The Bang Bang Club (Unrated) South African saga recounting the daring exploits of a quartet of intrepid combat photographers (Taylor Kitsch, Ryan Phillippe, Frank Rautenbach, Neels Van Jaarsveld) determined to document the fall of the country’s Apartheid regime. With Malin Akerman, Patrick Lyster and Russel Savadier.
Cougar Hunting (R for nudity, profanity, drug use, crude humor and pervasive sexuality). Buddy comedy revolving around three losers at love (Robin Blazak, Matt Prokop and Randy Wayne) who try to improve their odds by dating desperate, older women at an Aspen resort. With Vanessa Angel, Jillian Murray and Lara Flynn Boyle.
Dumbstruck (PG for suggestive humor). Dummy documentary featuring the highlights of the annual ventriloquists’ convention staged in Fort Mitchell, Kentucky. With appearances by Bob Ashman, Willie Brown and Jennifer Burdette.
Exodus Fall (Unrated). Dysfunctional family drama set in Texas in 1974, about three teenage siblings (Jesse James, Adrien Finkel and Devon Graye) grieving the death of their father (Christopher Atkins) who decide to run away from home when their abusive mom (Rosanna Arquette) mistreats her autistic son.
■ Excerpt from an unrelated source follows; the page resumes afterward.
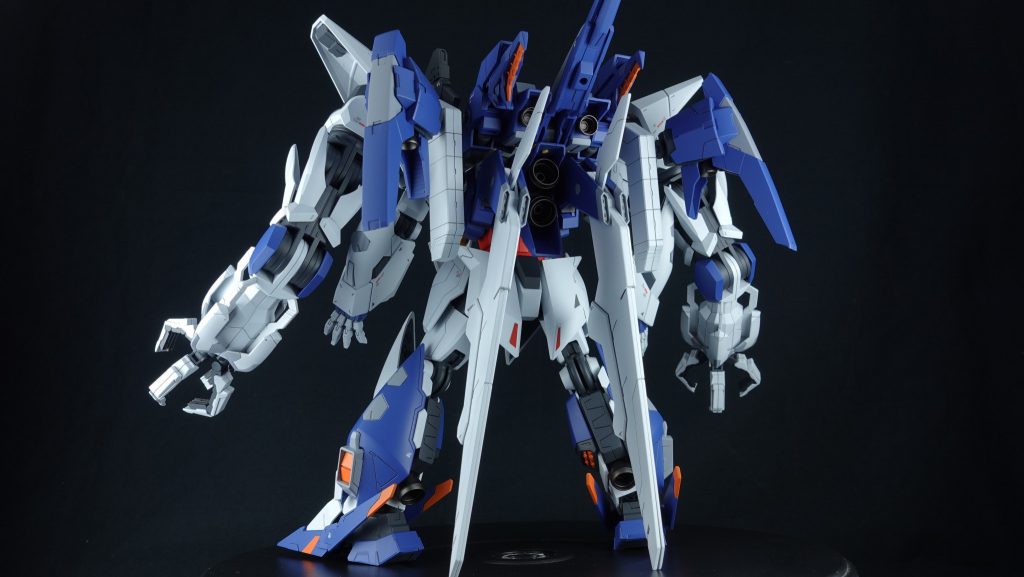 個人的にはライトニングバックウェポンシステムを肩の砲塔っぽく改造できたのが一番のお気に入りポイントです。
With Dee Wallace, Leo Rossi and Duane Whitaker.
The Greatest Movie Ever Sold (PG-13 for profanity and sexuality). Morgan Spurlock (Super Size Me) wrote, produced, directed and stars in this documentary exposing the widespread corporate financing of movies via prominent product placements and other forms of advertising.
Incendies (R for profanity and graphic violence). Oscar-nominated return to roots drama about a twin brother (Maxim Gaudette) ands sister (Melissa Desormeaux-Poulin) born in the Middle East who travel from Canada back to their homeland to fulfill their late mother’s (Lubna Azabal) last request that they find the presumed-dead father they’ve never met and the sibling they never even knew existed. With Remy Girard, Allen Altman and Mohamed Majd. (In French, Arabic and English with subtitles.)
Legend Of The Fist: The Return Of Chen Zhen (Unrated). Martial arts adventure, set in Japanese-occupied Shanghai in the ‘20s, and revolving around a mysterious stranger (Donnie Yen) who infiltrates a gang of mobsters in order to assassinate everyone collaborating with the enemy. With Shu Qi, Anthony Wong, Huang Bo and Kohata Ryu. (In Mandarin, Japanese and English with subtitles.)
Stake Land (Unrated). High body-count horror flick about a vampire hunter (Nick Damici) accompanied by an orphaned teen (Connor Paolo) on a perilous trek across a post-apocalyptic America in search of a monster-free sanctuary. Cast includes Danielle Harris and Kelly McGillis.
St. Nick (Unrated). Survival drama about sibling runaways (Tucker and Savanna Sears) who take refuge in an abandoned house in the woods to escape from the elements during harsh Texas winter. With Riley Cole, Monique Byars and Brooke Devenney.
Tied To A Chair (Unrated). Screwball comedy about a miserable housewife (Bonnie Loren) who leaves her husband (Richard Franklin) of 25 years to resume the acting career she gave up to marry him. The plot thickens at her first audition when she’s left bound to a chair in a hotel room by a kinky cult film director (Mario Van Peebles) who subsequently turns up dead. With Robert Gossett, Kim Cristo and Daniel Farag.
What On Earth (Unrated). Whodunit documentary examining the mystery of crop circles as debated at an annual convention in England by scientists, farmers, philosophers and paranoid conspiracy buffs baffled by the phenomenon.